▶ **What you should do**: Please repeat the data shown below, word for word.

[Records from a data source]
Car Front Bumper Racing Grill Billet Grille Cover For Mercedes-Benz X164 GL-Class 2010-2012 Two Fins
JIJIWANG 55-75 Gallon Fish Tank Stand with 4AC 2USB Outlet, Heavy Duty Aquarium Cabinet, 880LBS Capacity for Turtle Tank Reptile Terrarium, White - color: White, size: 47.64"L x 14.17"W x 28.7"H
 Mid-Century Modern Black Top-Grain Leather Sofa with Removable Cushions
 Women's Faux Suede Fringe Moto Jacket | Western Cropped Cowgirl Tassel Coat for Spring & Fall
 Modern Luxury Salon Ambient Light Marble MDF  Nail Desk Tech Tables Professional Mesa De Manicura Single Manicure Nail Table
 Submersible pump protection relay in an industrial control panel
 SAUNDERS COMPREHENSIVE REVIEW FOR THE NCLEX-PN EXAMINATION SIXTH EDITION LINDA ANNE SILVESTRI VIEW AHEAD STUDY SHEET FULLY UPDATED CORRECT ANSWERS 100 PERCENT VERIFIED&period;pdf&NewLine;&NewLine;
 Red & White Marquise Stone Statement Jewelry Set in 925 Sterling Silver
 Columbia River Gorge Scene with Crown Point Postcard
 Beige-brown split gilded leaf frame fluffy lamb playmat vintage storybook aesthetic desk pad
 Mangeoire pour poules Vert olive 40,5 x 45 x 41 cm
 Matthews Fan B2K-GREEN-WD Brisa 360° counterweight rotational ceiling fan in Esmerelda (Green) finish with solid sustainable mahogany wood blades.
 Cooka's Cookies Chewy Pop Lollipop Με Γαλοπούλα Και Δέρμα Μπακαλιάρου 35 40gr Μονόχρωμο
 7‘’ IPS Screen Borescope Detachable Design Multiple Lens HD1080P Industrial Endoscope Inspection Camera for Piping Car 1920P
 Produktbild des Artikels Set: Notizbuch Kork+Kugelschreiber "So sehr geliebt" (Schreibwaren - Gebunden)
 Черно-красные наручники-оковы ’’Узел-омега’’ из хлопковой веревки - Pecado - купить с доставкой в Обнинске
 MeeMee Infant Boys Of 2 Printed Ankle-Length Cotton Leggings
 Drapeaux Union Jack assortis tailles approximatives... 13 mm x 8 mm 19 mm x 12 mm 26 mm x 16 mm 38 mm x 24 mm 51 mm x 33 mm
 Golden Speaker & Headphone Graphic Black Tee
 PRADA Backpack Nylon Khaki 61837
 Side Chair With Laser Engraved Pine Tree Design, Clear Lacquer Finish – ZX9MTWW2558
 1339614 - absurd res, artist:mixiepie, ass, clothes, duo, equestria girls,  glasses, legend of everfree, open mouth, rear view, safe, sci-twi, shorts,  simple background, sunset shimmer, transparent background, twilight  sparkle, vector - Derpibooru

▶ **Response to the exercise**:
Car Front Bumper Racing Grill Billet Grille Cover For Mercedes-Benz X164 GL-Class 2010-2012 Two Fins
JIJIWANG 55-75 Gallon Fish Tank Stand with 4AC 2USB Outlet, Heavy Duty Aquarium Cabinet, 880LBS Capacity for Turtle Tank Reptile Terrarium, White - color: White, size: 47.64"L x 14.17"W x 28.7"H
 Mid-Century Modern Black Top-Grain Leather Sofa with Removable Cushions
 Women's Faux Suede Fringe Moto Jacket | Western Cropped Cowgirl Tassel Coat for Spring & Fall
 Modern Luxury Salon Ambient Light Marble MDF  Nail Desk Tech Tables Professional Mesa De Manicura Single Manicure Nail Table
 Submersible pump protection relay in an industrial control panel
 SAUNDERS COMPREHENSIVE REVIEW FOR THE NCLEX-PN EXAMINATION SIXTH EDITION LINDA ANNE SILVESTRI VIEW AHEAD STUDY SHEET FULLY UPDATED CORRECT ANSWERS 100 PERCENT VERIFIED&period;pdf&NewLine;&NewLine;
 Red & White Marquise Stone Statement Jewelry Set in 925 Sterling Silver
 Columbia River Gorge Scene with Crown Point Postcard
 Beige-brown split gilded leaf frame fluffy lamb playmat vintage storybook aesthetic desk pad
 Mangeoire pour poules Vert olive 40,5 x 45 x 41 cm
 Matthews Fan B2K-GREEN-WD Brisa 360° counterweight rotational ceiling fan in Esmerelda (Green) finish with solid sustainable mahogany wood blades.
 Cooka's Cookies Chewy Pop Lollipop Με Γαλοπούλα Και Δέρμα Μπακαλιάρου 35 40gr Μονόχρωμο
 7‘’ IPS Screen Borescope Detachable Design Multiple Lens HD1080P Industrial Endoscope Inspection Camera for Piping Car 1920P
 Produktbild des Artikels Set: Notizbuch Kork+Kugelschreiber "So sehr geliebt" (Schreibwaren - Gebunden)
 Черно-красные наручники-оковы ’’Узел-омега’’ из хлопковой веревки - Pecado - купить с доставкой в Обнинске
 MeeMee Infant Boys Of 2 Printed Ankle-Length Cotton Leggings
 Drapeaux Union Jack assortis tailles approximatives... 13 mm x 8 mm 19 mm x 12 mm 26 mm x 16 mm 38 mm x 24 mm 51 mm x 33 mm
 Golden Speaker & Headphone Graphic Black Tee
 PRADA Backpack Nylon Khaki 61837
 Side Chair With Laser Engraved Pine Tree Design, Clear Lacquer Finish – ZX9MTWW2558
 1339614 - absurd res, artist:mixiepie, ass, clothes, duo, equestria girls,  glasses, legend of everfree, open mouth, rear view, safe, sci-twi, shorts,  simple background, sunset shimmer, transparent background, twilight  sparkle, vector - Derpibooru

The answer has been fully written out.